[Data extracted from a collection]

--- START ---

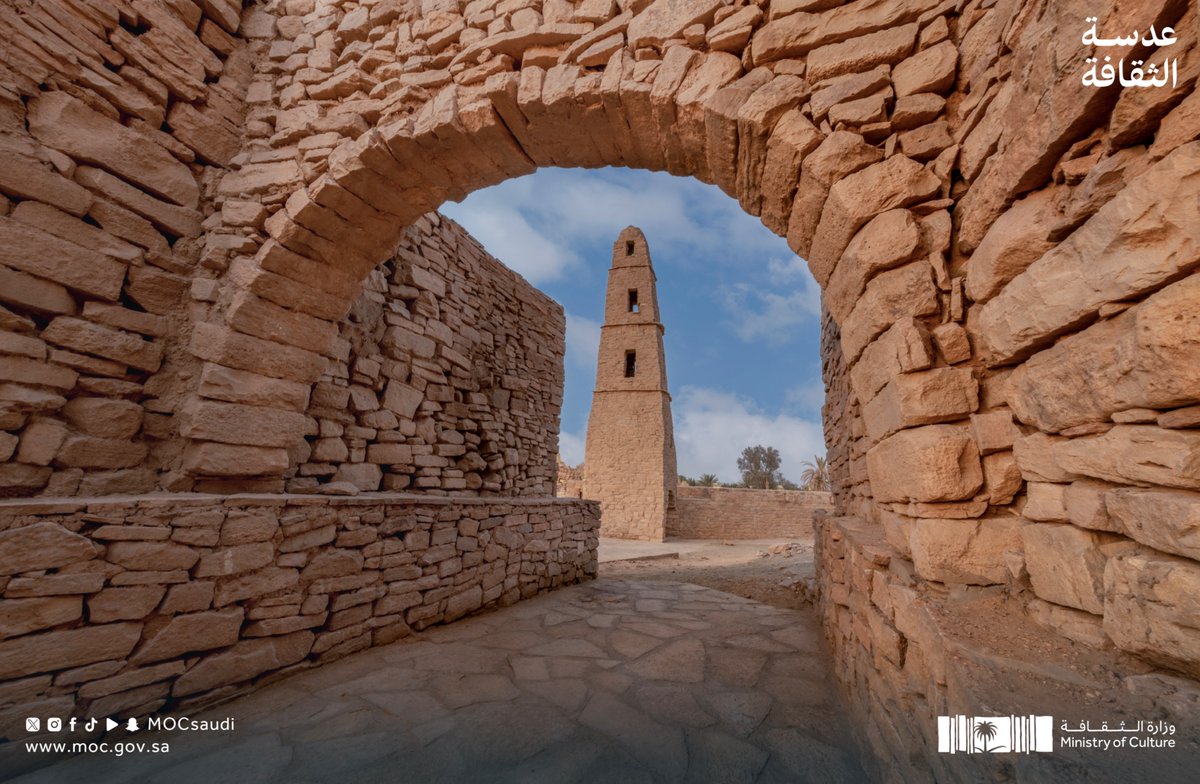 وزارة الثقافة tweet media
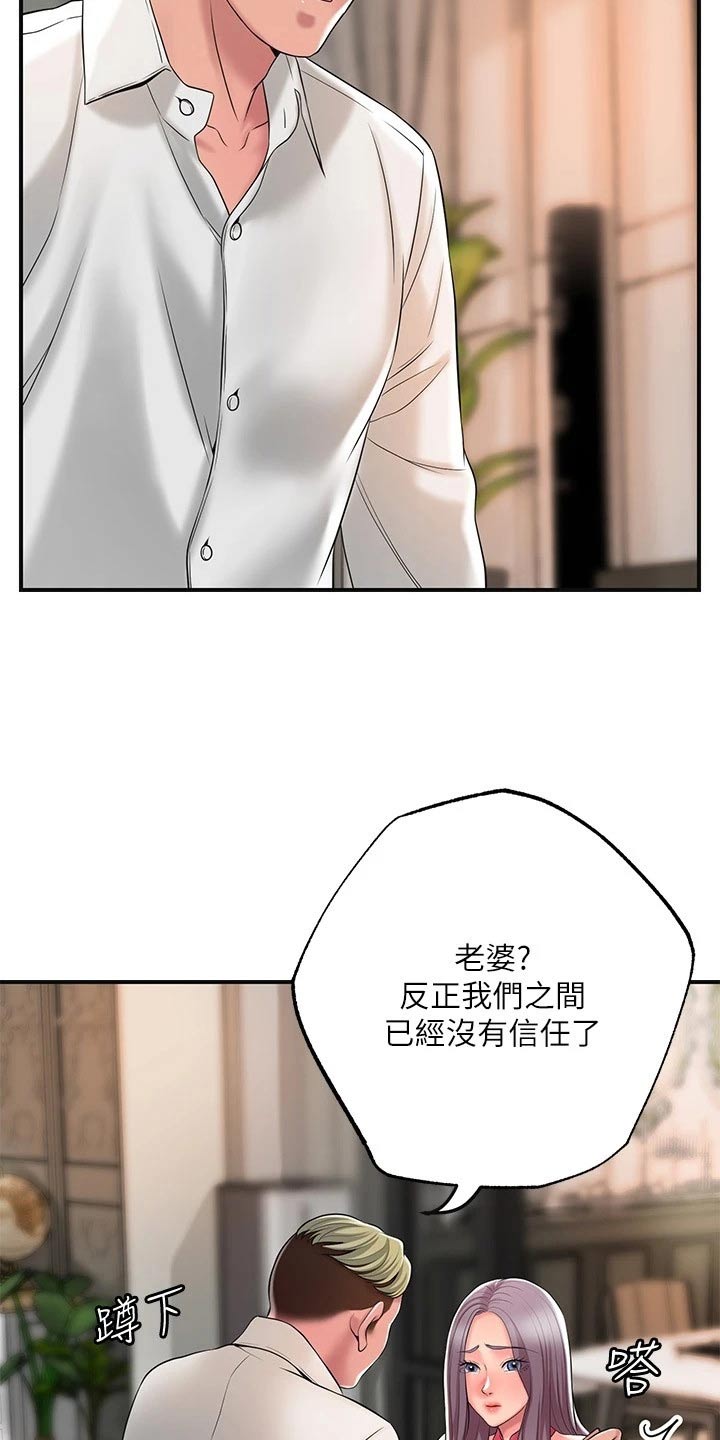 第51章：恳求19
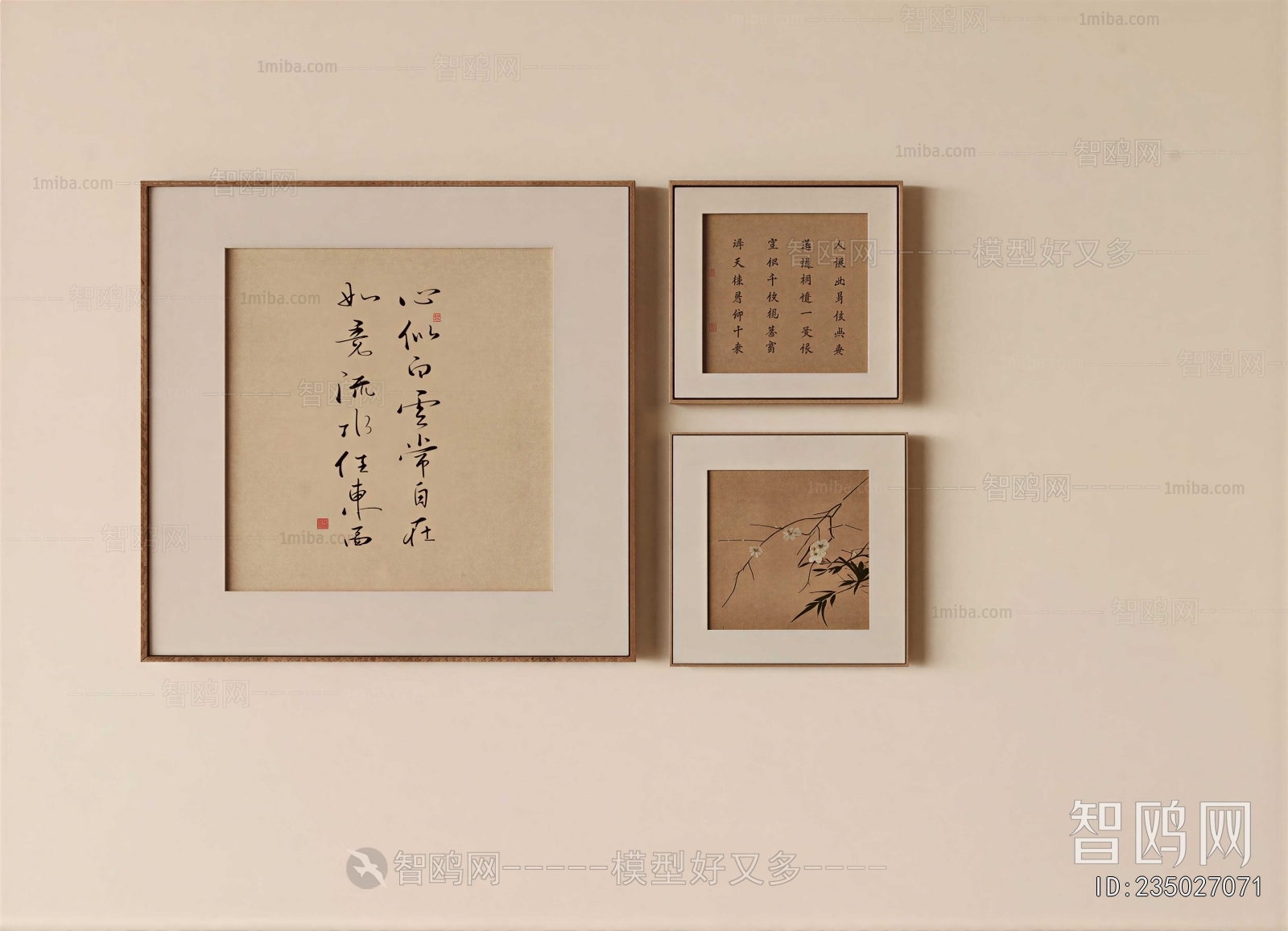 New Chinese Style Painting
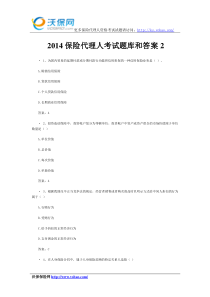 2014保险代理人考试题库和答案2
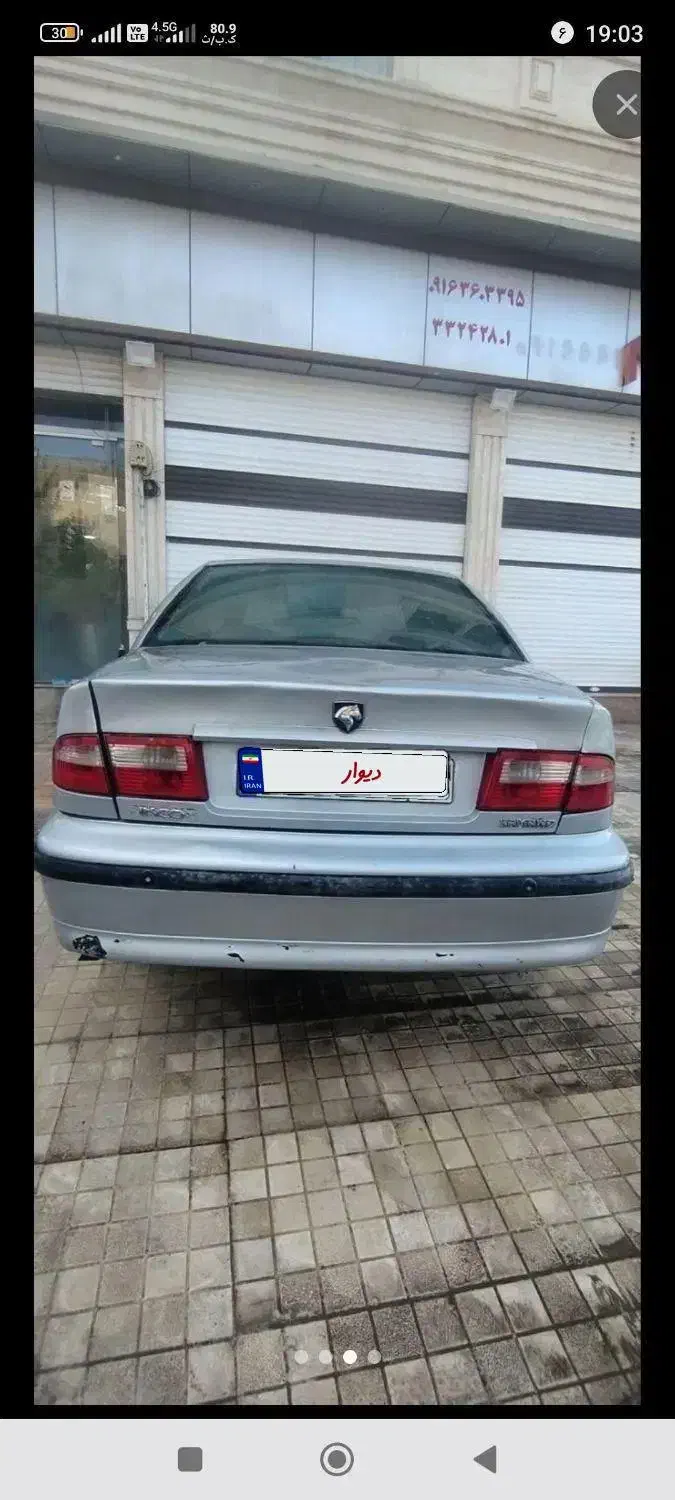 سمند LX 84 موتور گیج وسط|خودرو سواری و وانت|خرم‌آباد, |دیوار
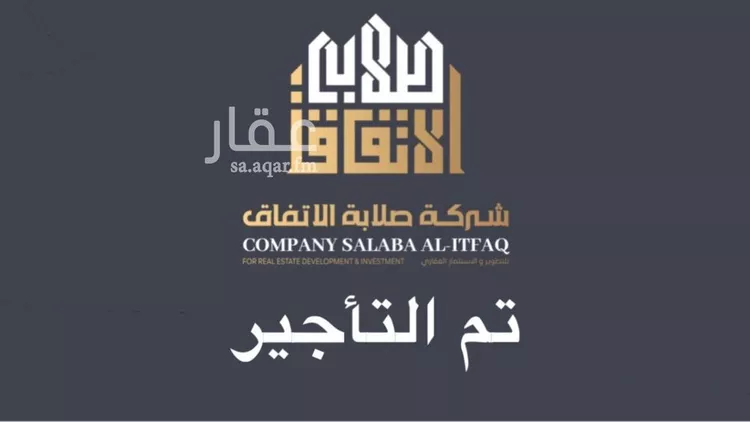 فيلا للإيجار في شارع الشعيبة, حي الرحمانية, مدينة الرياض, منطقة الرياض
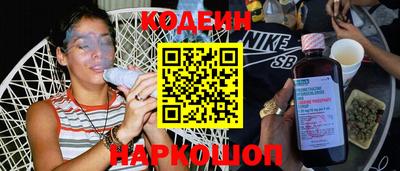 амф Кингисепп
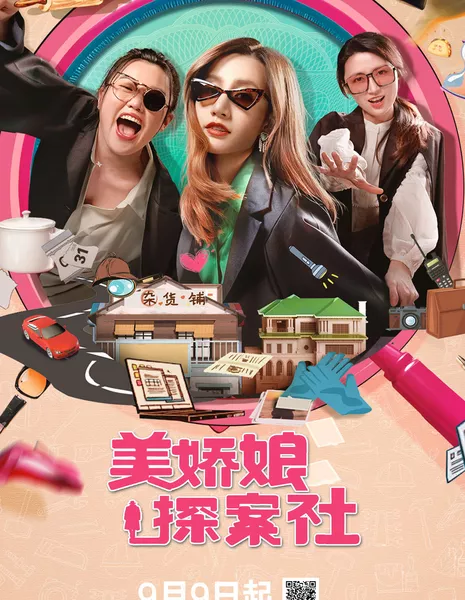 Детективное агентство красоток / The Beautiful Lady Detective Agency /  美娇娘探案社 / Mei Jiao Niang Tan An She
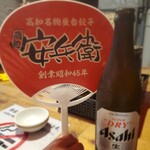 屋台安兵衛 - 団扇お持ち帰りOK。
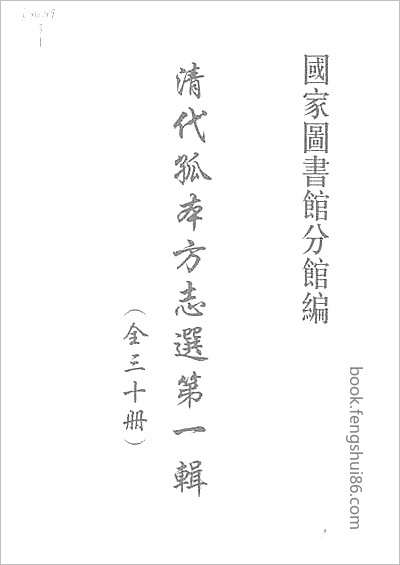 长兴县志·1-9.县志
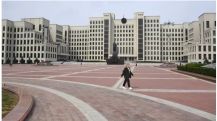 Բելառուսի պաշտոնյաների մահապատժի մասին օրենքն ուժի մեջ կմտնի մարտի 25-ից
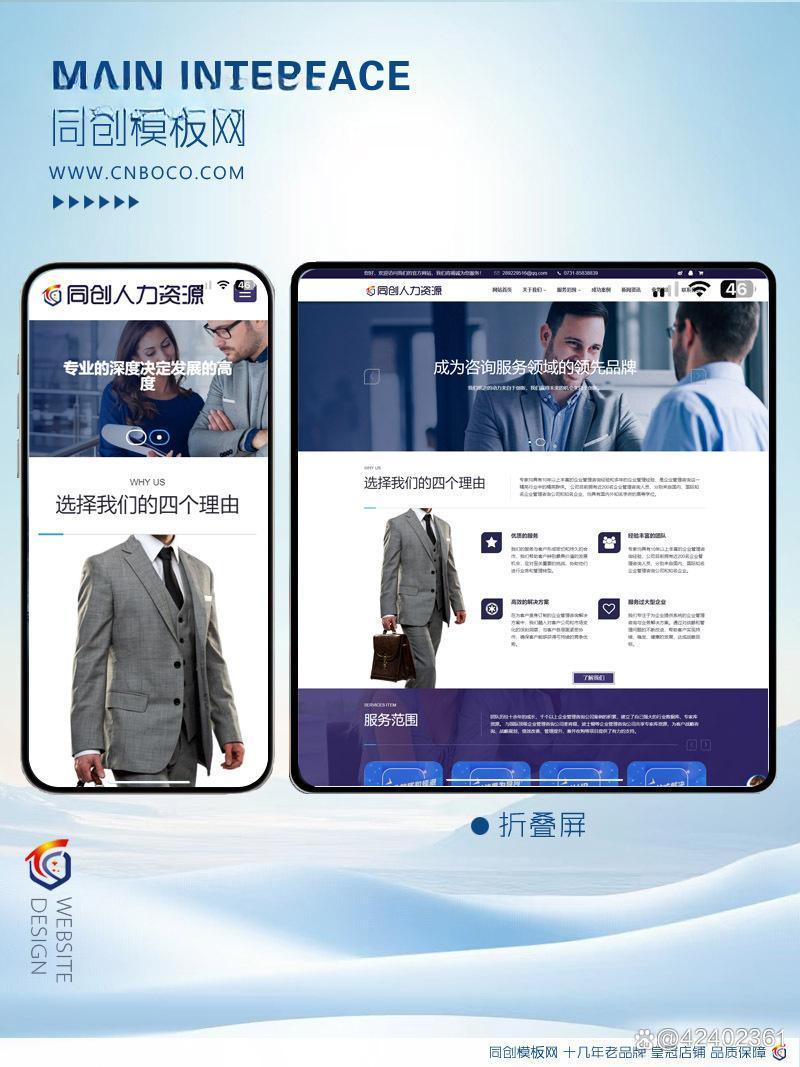 【免费企业官网源码,企业网站管理源码】 【免费企业官网源码,企业网站管理源码】
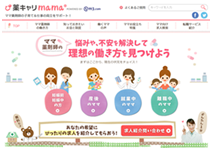 【薬キャリmama】お知らせ掲載用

--- END ---

Reproduce word for word the lines running from the line with "屋台安兵衛 - 団扇お持ち帰りOK。" through the end of the data, both included, and nothing else; leave out the pictures.

§ TASK RESULT
 屋台安兵衛 - 団扇お持ち帰りOK。
 长兴县志·1-9.县志
 Բելառուսի պաշտոնյաների մահապատժի մասին օրենքն ուժի մեջ կմտնի մարտի 25-ից
 【免费企业官网源码,企业网站管理源码】 【免费企业官网源码,企业网站管理源码】
 【薬キャリmama】お知らせ掲載用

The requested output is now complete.